* [TASK DESCRIPTION] Check every line of the material for the word "green". Copy those that have it.

○ ○ ○ ○ ○

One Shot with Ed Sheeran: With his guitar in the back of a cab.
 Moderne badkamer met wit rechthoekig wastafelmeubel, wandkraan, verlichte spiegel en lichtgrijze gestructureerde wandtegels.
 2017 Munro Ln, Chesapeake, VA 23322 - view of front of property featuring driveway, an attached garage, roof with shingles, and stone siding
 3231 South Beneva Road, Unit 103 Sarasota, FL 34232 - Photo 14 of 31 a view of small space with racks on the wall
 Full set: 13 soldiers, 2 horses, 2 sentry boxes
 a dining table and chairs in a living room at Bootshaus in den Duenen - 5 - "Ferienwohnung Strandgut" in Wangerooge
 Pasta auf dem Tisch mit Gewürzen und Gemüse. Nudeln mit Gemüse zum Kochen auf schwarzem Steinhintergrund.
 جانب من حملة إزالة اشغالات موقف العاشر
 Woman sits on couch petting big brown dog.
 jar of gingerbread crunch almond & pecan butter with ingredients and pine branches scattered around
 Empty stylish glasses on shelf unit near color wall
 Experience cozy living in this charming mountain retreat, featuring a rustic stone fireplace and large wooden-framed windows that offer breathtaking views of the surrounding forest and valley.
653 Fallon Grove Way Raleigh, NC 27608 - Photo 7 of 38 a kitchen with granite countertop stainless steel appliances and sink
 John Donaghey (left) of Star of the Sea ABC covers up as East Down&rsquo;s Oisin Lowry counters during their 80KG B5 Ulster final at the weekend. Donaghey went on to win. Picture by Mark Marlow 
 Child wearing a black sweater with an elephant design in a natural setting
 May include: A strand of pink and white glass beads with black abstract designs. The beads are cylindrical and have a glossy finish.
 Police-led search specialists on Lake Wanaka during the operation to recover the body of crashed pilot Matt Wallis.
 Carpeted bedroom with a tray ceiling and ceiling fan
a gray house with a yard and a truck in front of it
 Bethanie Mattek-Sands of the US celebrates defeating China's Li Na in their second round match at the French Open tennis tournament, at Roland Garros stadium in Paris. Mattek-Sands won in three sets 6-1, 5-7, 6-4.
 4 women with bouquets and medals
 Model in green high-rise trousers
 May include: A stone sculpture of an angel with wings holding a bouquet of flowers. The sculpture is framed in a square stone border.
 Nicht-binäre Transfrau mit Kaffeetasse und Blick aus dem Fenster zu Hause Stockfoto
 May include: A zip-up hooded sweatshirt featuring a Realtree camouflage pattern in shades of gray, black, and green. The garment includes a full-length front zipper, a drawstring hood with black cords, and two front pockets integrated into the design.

○ ○ ○ ○ ○

* [SOLUTION FOR THIS PROBLEM]
 Model in green high-rise trousers
 May include: A zip-up hooded sweatshirt featuring a Realtree camouflage pattern in shades of gray, black, and green. The garment includes a full-length front zipper, a drawstring hood with black cords, and two front pockets integrated into the design.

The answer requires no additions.